Now that he has been moved to Minnesota as part of the blockbuster four-team trade that sent Clint Capela to the Hawks and Robert Covington to the Rockets, guard Evan Turner is likely to be in the market for a new team. The Timberwolves are expected to give Turner a contract buyout in the coming days if his contract is not used as part of another deal.
Multiple teams are expected to have interest in Turner on the buyout market, according to league sources. Turner did not play much in Atlanta this season after he was acquired in a trade from Portland last summer.
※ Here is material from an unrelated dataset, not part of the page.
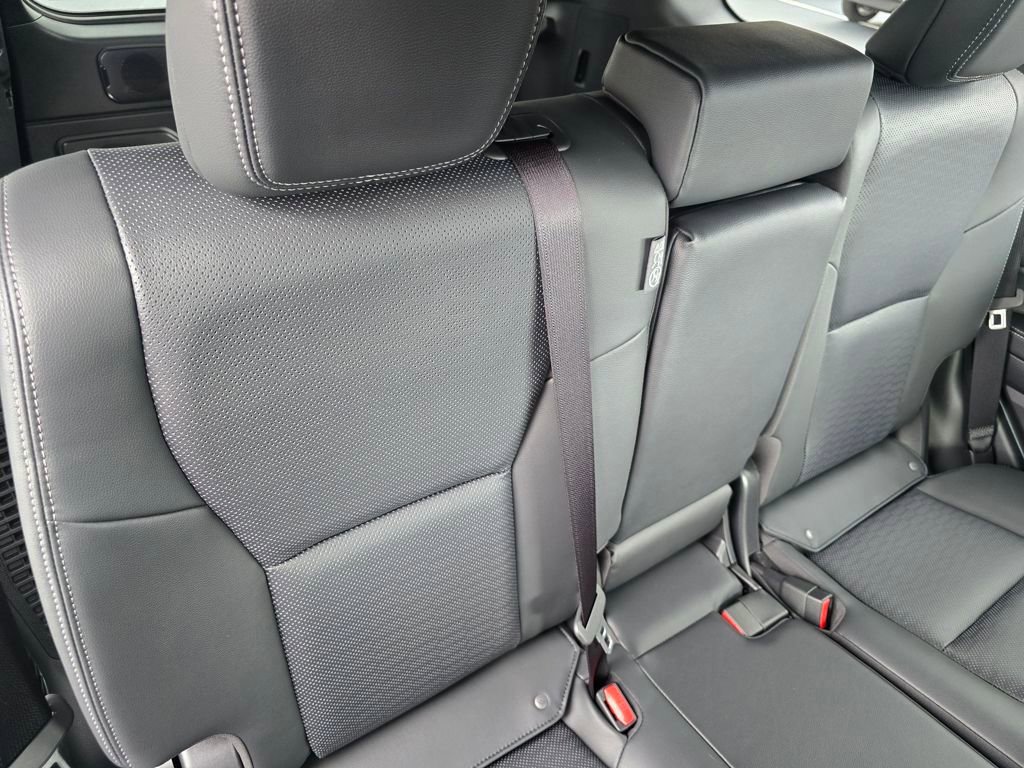 New 2025 Toyota Land Cruiser w/ Premium Package image 25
The Hawks took on Turner because of his expiring contract (worth $18.6 million) but preferred to give minutes to younger players on the wing, particularly second-year guard Kevin Huerter along with rookies Cam Reddish and De’Andre Hunter.
Earlier in the year, Turner indicated he was told by the Hawks he would be inactive for a while, sparking speculation that Turner would be bought out by the Hawks. But Turner’s agent, Kevin Bradbury, said that Turner was not, in fact, seeking a buyout, telling TheBigLead.com, “Evan is committed to Atlanta and helping them achieve their goals as an organization and is grateful to be there.”
Turner averaged 3.3 points in 13.3 minutes over 19 games.
Celtics Headline Turner Possibilities
Should Turner get his buyout from the Timberwolves, his former employer—the Celtics—would be interested in bringing him back, a source told Heavy.com.
Turner had two productive seasons with Boston in 2014-15 and 2015-16, during which he averaged 10.0 points, 5.0 rebounds and 5.0 assists. He was a valuable asset off the bench, particularly as a secondary ballhandler in relief of and alongside point guard Isaiah Thomas.
It was his performance in Boston that pushed the Trail Blazers to sign Turner to an unwieldy four-year, $70 million contract in the summer of 2016.
The Celtics have been looking to bolster their bench heading into the stretch run of the season. Boston had hoped for more production from rookie wing Romeo Langford, but Langford as struggled with injuries and has averaged only 2.3 points in 14 games. Turner could fill that role, though he struggles as a 3-point shooter, making just 29.4 percent on his career.
One issue the Celtics would have in signing Turner, though: They don’t have a roster spot. That could change ahead of the trade deadline. If not, the Celtics probably would have to give up Brad Wanamaker to accommodate a free-agent signing this month.
Another team expected to have interest in Turner—and that does have a roster spot—would be the Heat. Miami has been active on the trade market seeking an upgrade to its depth. But if no deal can be had, the Heat will turn to the buyout market and a secondary playmaker with playoff experience like Turner would be ideal.